Tracking Hurricane Florence

We’re at the height of hurricane season, and many people are rightfully concerned about the forecast associated with Hurricane Florence.

While we are still making our way through the data for the remaining states, fortunately we have data available for the current “cone of uncertainty” – Georgia, South Carolina, North Carolina and Virginia.

I made this map that shows the archives in the potential path of Hurricane Florence (at least as of Wednesday afternoon)

I pulled this data into ArcGIS online, and added three layers of information from the National Oceanic and Atmospheric Administration’s information service. NOAA’s NowCoast system provides real time updates, so if you go back and visit this map periodically during the hurricane the NOAA layers will look different each time. You can also toggle the layers on and off.

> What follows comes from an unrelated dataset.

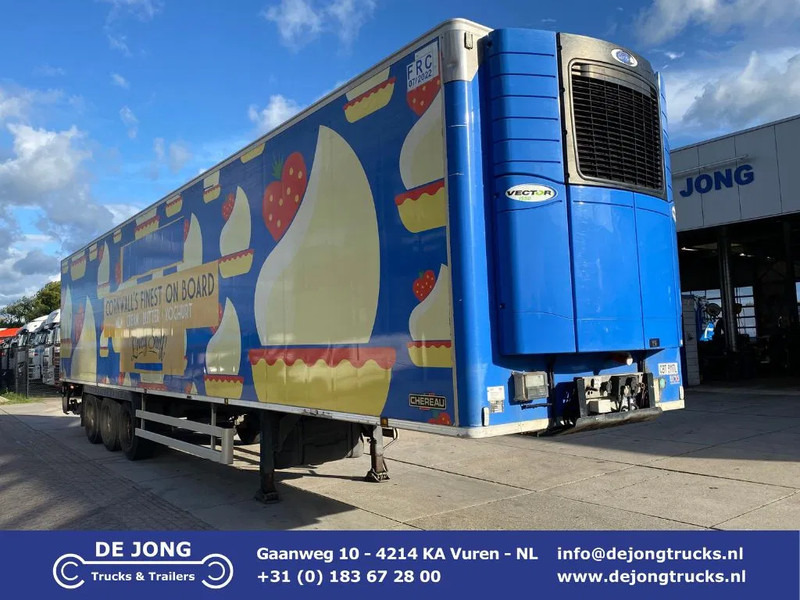 Chereau Frigo / 7 cm walls / BPW Disc / Carrier Vector - Náves chladírenské: obrázok 1 Chereau Frigo / 7 cm walls / BPW Disc / Carrier Vector - Náves chladírenské: obrázok 1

The three NOAA layers are (screenshots are for illustrative purposes only, because the layers are “live” they will look different depending on when you load the map):

  • Hurricane Forecast Track (explanation here). This layer updates every 10 minutes and tells you the present location of the hurricane, it’s forecasted track, and estimated wind speeds.

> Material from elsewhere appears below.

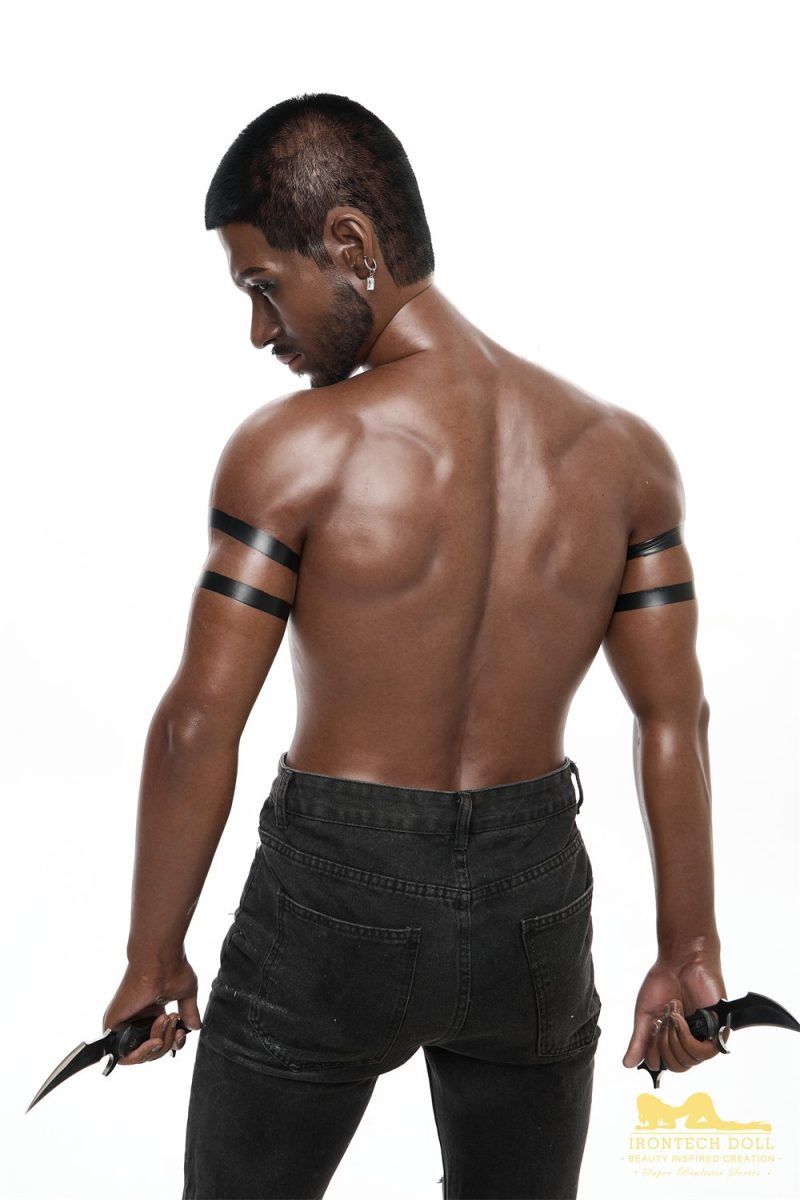 Picture of Irontech Doll – 176cm/5ft9 Silicone Male Sex Doll – Bill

  • Potential Storm Surge Flooding map (explanation here). The update times on this vary, but once a hurricane event is underway it is several times a day. According to NOAA, this layer “depicts the geographical areas where inundation from storm surge could occur along with the heights, above ground, that water could reach in those areas. These potential heights are represented with different colors based on water level: 1) Greater than 1 foot above ground (blue), 2) Greater than 3 feet above ground (yellow), 3) Greater than 6 feet above ground (orange), and 4) Greater than 9 feet above ground (red). Two versions of this graphic are provided in this map–one with a mask (depicted in gray) identifying Intertidal Zone/Estuarine Wetland areas, and another version without the mask where Intertidal Zone/Estuarine Wetland areas are symbolized with the same colors as other areas.” You have to zoom in closer than the other layers to see this one display. This is Wilmington, North Carolina.



  • Long Duration Hazardous Weather (explanation here). This layer updates every 5 minutes and is the layer that tells you if a certain area (typically county-level) is under a warning, watch, or other weather advisory.


The sources for the current set of archival repository locations in VA, NC, SC, and GA were the Federation of North Carolina Historical Societies, North Carolina Digital Heritage Center, Society of North Carolina Archivists, North Carolina Historical Records Advisory Board, Mid-Atlantic Regional Archives Conference, Georgia Historical Records Advisory Council, Society of Georgia Archivists, Virginia Association of Museums, Library of Virginia, Pennsylvania Historical and Museum Commission, SAA@CUA, Historical Society of Washington, D.C., Charleston Archives, Libraries and Museum Council, and OCLC ArchiveGrid. While these sources represent a wide geographic area within these states, they unfortunately leave some gaps across much of South Carolina outside of Charleston. We have additional data for South Carolina we are currently working through as we can, but unfortunately it is somewhat messy and time-consuming to process.

These maps should be used for informational purposes only and not emergency planning. We do hope our comrades in the profession find them useful. If you have any questions or suggestions, please contact me (Eira Tansey) via email.



One thought on “Tracking Hurricane Florence

  1. Thanks, Eira! Great illustration of how archives-specific data sets can be interlaid with external data to create real utility for archives and archivists.